After giving a very concise historical analysis of the problem including quotations from myself, Gary Grant, and former Congresswoman Cynthia McKinney, the writer does not just stop with identifying the problem but moves towards developing a strategy for the future by writing:

"As ghettoes continue to swell throughout America’s urban areas, the potential of Black farms cannot be underestimated as an important, natural resource that can positively impact on the daily lives and well-being of millions.

Often, those in the inner city must pay the most money for the least fresh, and least nutritious, of life-giving foods. An intelligent program of economic assessment and regional planning, which routes the produce from those farms to the neighborhoods where the goods may be best utilized, can heal two breaches—urban malnutrition and economic self-sustenance—at the same time.

To solve the Black farmer problem may mean, ultimately, to solve our own."

We hope to fulfill this brother’s desire for an "intelligent program of economic assessment and regional planning", at our "5th Annual Black Land Loss Summit." The full agenda can be viewed at http://www.MuhammadFarms.com/land_loss_summit.htm. However, much of our agenda will deal with hooking up the players in the economic system that can make our theme of "Controlling our destiny from the land to the man" a working plan and not just "a dream."

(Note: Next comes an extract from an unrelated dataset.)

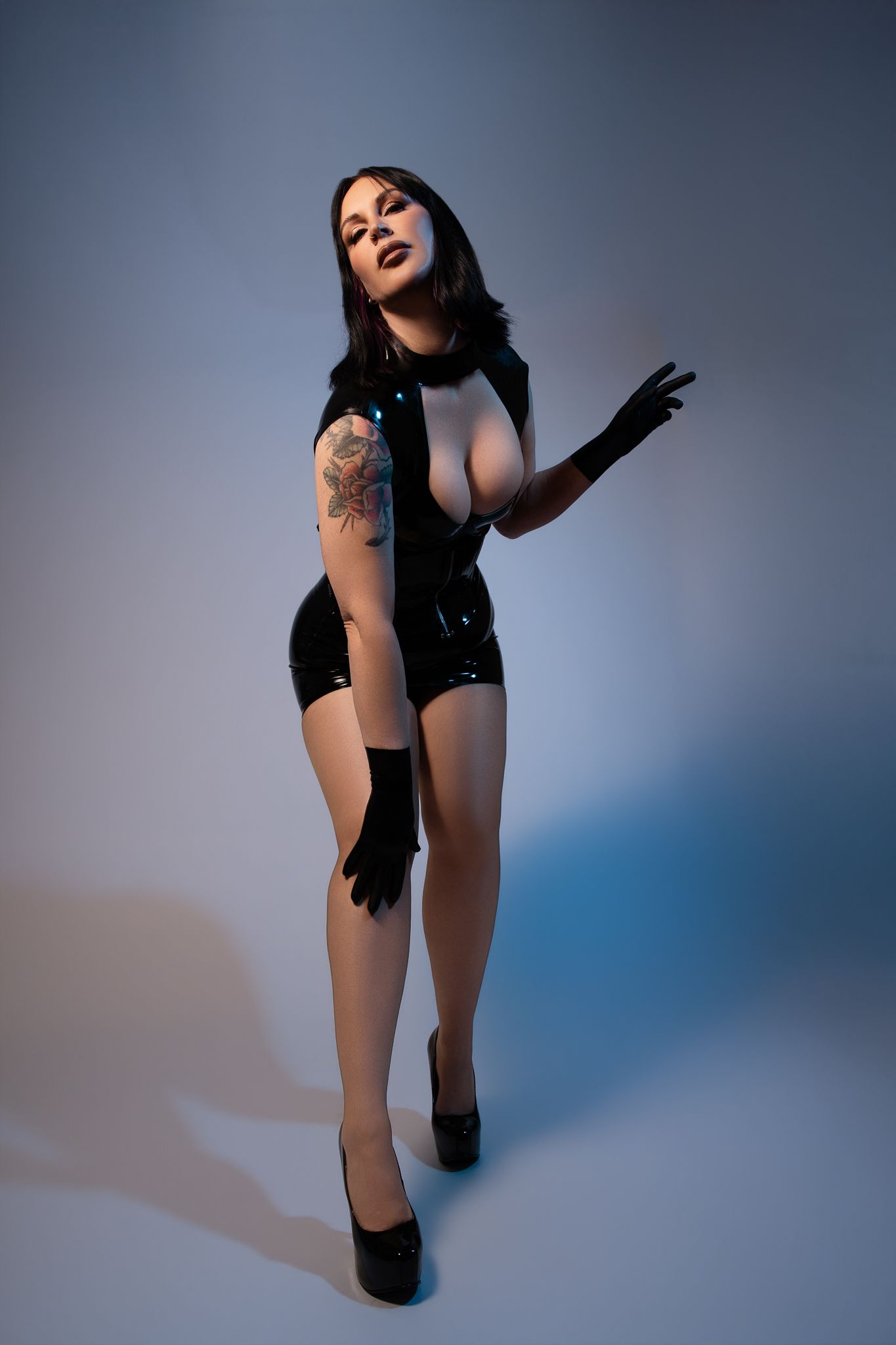 Woman in black latex outfit with gloves and heels posing in studio with blue lighting.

We know that if the writer of this letter could make our event, he would not formulate any excuses. However, the brother who wrote this profound letter has been in jail on death row since 1995. He is a political prisoner by the name of Mumia Abu-Jamal.

After this letter was read to the audience, I had to draw their attention to the irony of it all. Here we have a well referenced document with viable solutions from a brother whose body is locked behind bars. However, his mind is not in chains and he uses the Internet to keep up with what is going on in our backyards, while we play at being asleep. If this brother can find out what is going on from behind bars, then we can not accept the excuse of ignorance as to why we do not move on what we already know.

It is my opinion that we do not act on what we know because we want to play in "massa’s" filthy play pen a little while longer. We are playing with sure death. Just recently I read and heard in the major news media that the lawsuit against McDonalds was thrown out of court by the judge. The judge said that since it is a "well known" fact that there are major negative side effects from eating fast-foods all the time, anyone who does so is knowingly putting himself at risk and therefore does not deserve to sue.

This court ruling also reminds me of the "2002 Homeland Security Bill" which takes effect today, January 24th, and basically says that if you voluntarily take vaccines and you have been warned about possible negative side effects, you can not sue the pharmaceutical companies if you get sick or die. In other words, suicide by lethal injection and lethal consumption is legal. So, please "give us your fast-food money" before it kills you (smile).

But going back to Mumia, will we have to lock up the majority of Black people to slow them down enough and take them away from the TV long enough for them to seek the type of knowledge that could make their lives better? Will you be coming to the Black Land Loss Summit or will you stay locked up under mental "house arrest"?

Martin Luther King had a dream, but after reading many of his other speeches, I can truthfully say that he, unlike many of us, was not ASLEEP.